If I am right in my construction of the mortgage, then, manifestly, so far as the executions are concerned, the sheriff cannot hold the property by virtue of any rights of the judgment creditors as against the plaintiff. The absolute right of possession of the mortgaged property belonged to the plaintiff on default by the mortgagors, which was prior to the seizure, by the sheriff, upon the executions. Authorities are numerous. See Edson v. Newell, 14 Minn. 228, and citations.

Can the sheriff avail himself of the rights which the statute gives certain laborers to secure liens and preferences for services performed? There is some doubt about the construction of the statute of Minnesota, and the nature of the proceedings necessary to establish and perfect the lien given by it. It is not necessary, in determining this case, to consider the rights of claimants under this statute. If the claim is an equitable one, then, conceding that the lien claimants, by serving notice upon the sheriff, did all that is necessary to preserve their liens under the statute, it cannot avail the sheriff to defeat the plaintiff's right to the property mortgaged. The money in the hands of the sheriff far exceeds the amount of plaintiff's claim, and the overplus is more than enough to secure payment for the services of the workmen, who urge prior liens under the statute; and, if it is admitted that these workmen have a first lien on all the logs cut, or lumber manufactured, including the logs mortgaged to the plaintiff, the lien not being upon any specific portion, the rule prevails that where there are two funds to which he other lien claimants can resort, 133 while the plaintiff has only one of these, the former must enforce their lien on the fund to which the latter cannot have recourse.

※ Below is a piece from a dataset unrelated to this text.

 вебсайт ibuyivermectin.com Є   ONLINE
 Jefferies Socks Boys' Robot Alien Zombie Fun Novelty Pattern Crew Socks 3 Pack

This doctrine shuts out the defence set up under the statute. The sheriff cannot avail himself of his relationship to the claims of the workmen on the fund or money in his hands, for it is more than enough to pay them, and the plaintiff 's rights are superior to those of the judgment creditors.

The logs were not intermixed with the consent of the plaintiff, and, the confusion existing on account of the wrongful acts of the mortgagors, the innocent party will not suffer thereby.

Judgment will, therefore, be entered in favor of the plaintiff.